Anne of Cleves: Life Story
Chapter 7 : Annulment
Lord Chancellor Audley, busy distancing himself from his erstwhile colleague, Cromwell, visited Anne, alongside Bishop Gardiner. Their goal was to press her into an admission that her marriage had not been consummated. Upset, confused and fearful, Anne kept her wits about and declined to answer, sending once again for Harst, but Gardiner and Audley wormed information out of Anne’s ladies, this being the source of the discussion mentioned above, in which Anne claimed to think that a kiss goodnight was sufficient to complete a marriage.
Harst was not afraid to defend his charge. He confronted the council, complaining that Anne had been interrogated without any support, and demanding to know if it was customary for a lady of high birth to be discarded so cavalierly. He claimed to believe that Henry could have had no knowledge of the insult offered to his wife. Anne, of course, although she had not long been married, had no doubt that Henry was behind the investigations, and that his objective was an annulment to enable him to marry Katheryn Howard.
Even while Harst was dashing about London, seeking to have the whole matter closed down, Henry’s clergy were looking into the validity of the marriage. Only a day after the case was put into the hands of a panel of clergy. Gardiner, eager to see the back of a queen who was seen as a link to Lutherans, made Henry’s case, and to the surprise of nobody, the assembled clergy solemnly confirmed that the king and Anne were ‘in no wise bound by the marriage solemnised between them’. Since no-one had appeared for Anne, and no arguments in favour of the marriage were heard, the matter can hardly have been said to have been fully aired, but it was a fait accompli, probably before Anne even knew the hearing had taken place.
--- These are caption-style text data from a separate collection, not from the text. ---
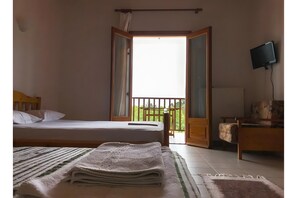 WiFi, bed sheets - Studio Apartment 'Hotel Antigoni Triple Room 15' with Lake View, Wi-Fi and Air Conditioning (Neochori)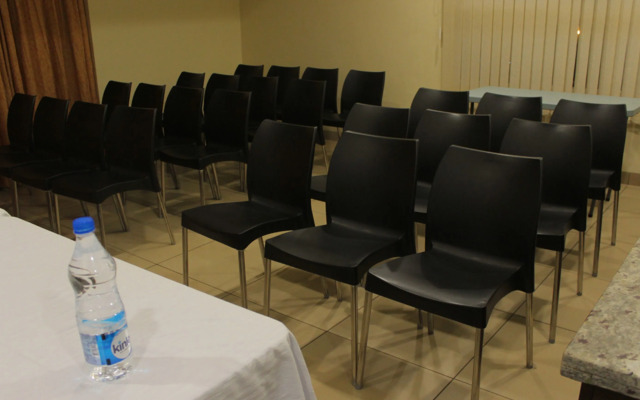 Palette - Sign Regency Hotel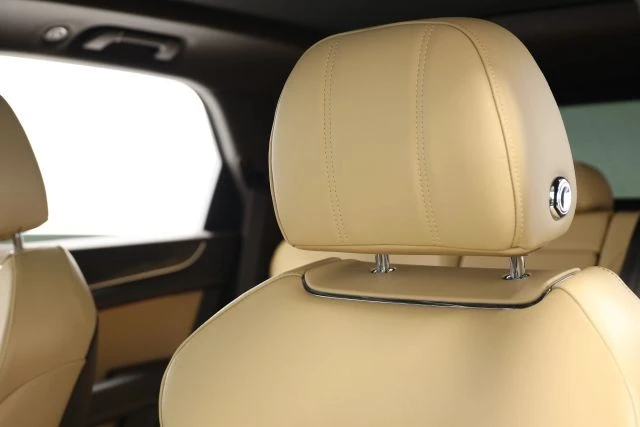 2021 Bentley Bentayga - Image 22 of 31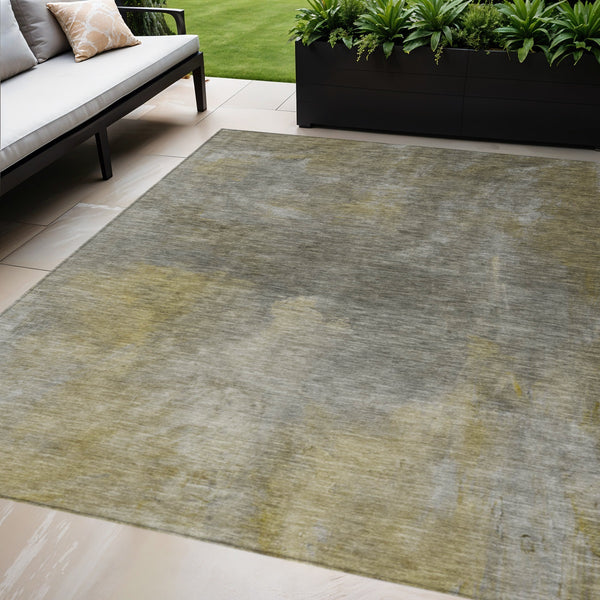 Homeroots 3' Transform Your Space With A Stunning Artichoke Green Gray And Gold Abstract Washable Rug 8' X 10' Polyester 603068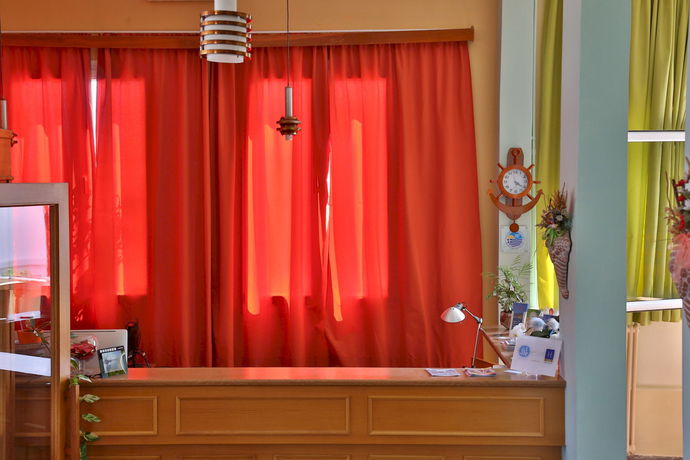 Imagen de los interiores del Hotel Alexandra, Megas Gialos Varis. Foto 15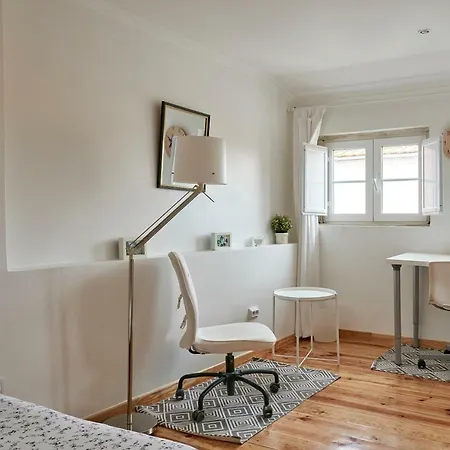 Spacious Duplex With Terrace Lägenhet *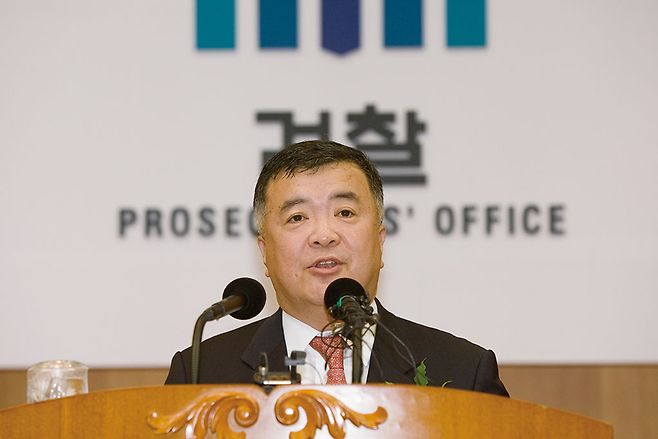 2009년 7월14일 열린 대검 중수부장 퇴임식에서 퇴임 인사를 하고 있는 이인규 변호사&nbsp;© 시사저널 이종현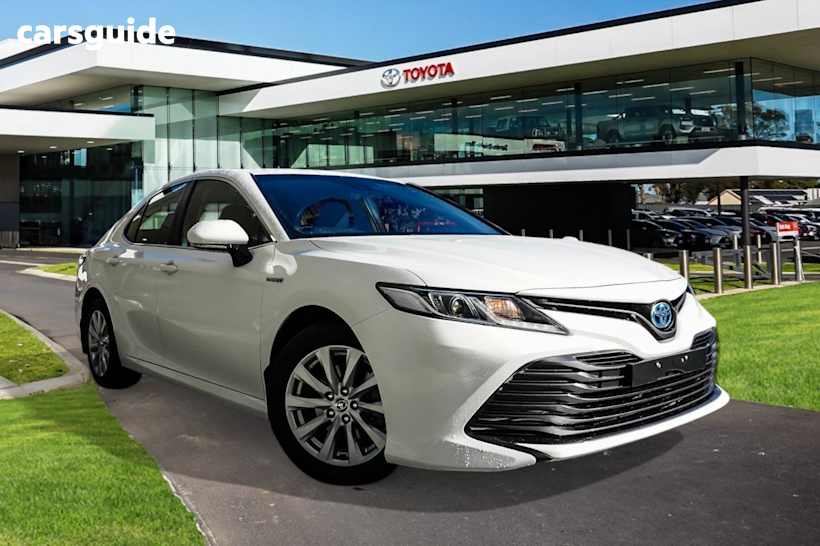 White 2021 Toyota Camry Sedan ASCENT F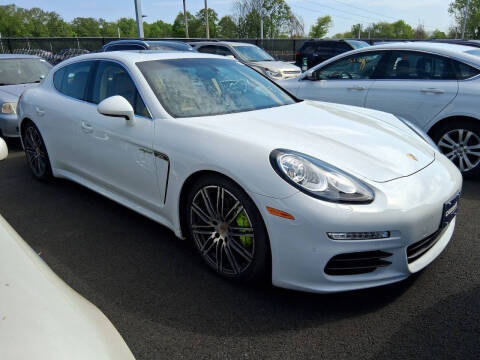 2015 Porsche Panamera S E-Hybrid RWD photo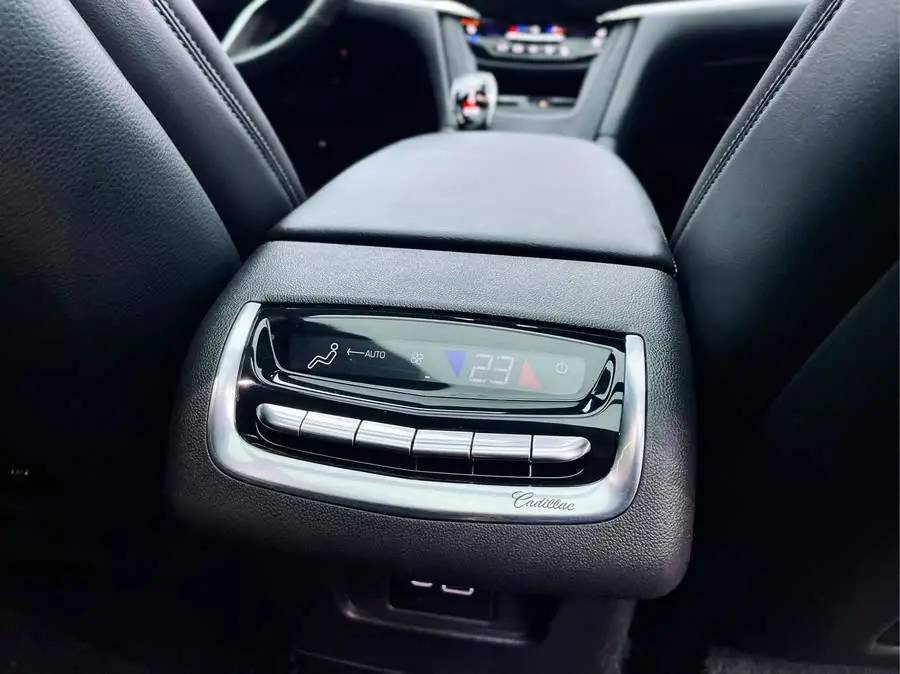 كاديلاك XT6 2021 2.0T ذو ستة مقاعد ودفع رباعي فاخرة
The annulment was granted on three grounds: the pre-contract between Anne and Francis of Lorraine; Henry’s lack of consent to the marriage, and its non-consummation. Both were declared free to remarry – somewhat negating the first ground.
By the time Henry’s commissioners arrived to inform Anne of the annulment on 11th July, she had been forewarned by Harst and had taken the decision that there was nothing she could do to prevent Henry getting his way – she did not have the personal or political reasons for wanting to hold onto the marriage that Katharine of Aragon had had, and nor could her brother’s support, if it were forthcoming, be compared with that that Katharine had received from Charles V.
Anne greeted the messengers politely and they reported that she accepted the news calmly, ‘without alteration of countenance’. She confirmed that she was ready to accept Henry’s decree in this, as in everything else. A report that she fainted on beholding the delegation dates to some seventy years later.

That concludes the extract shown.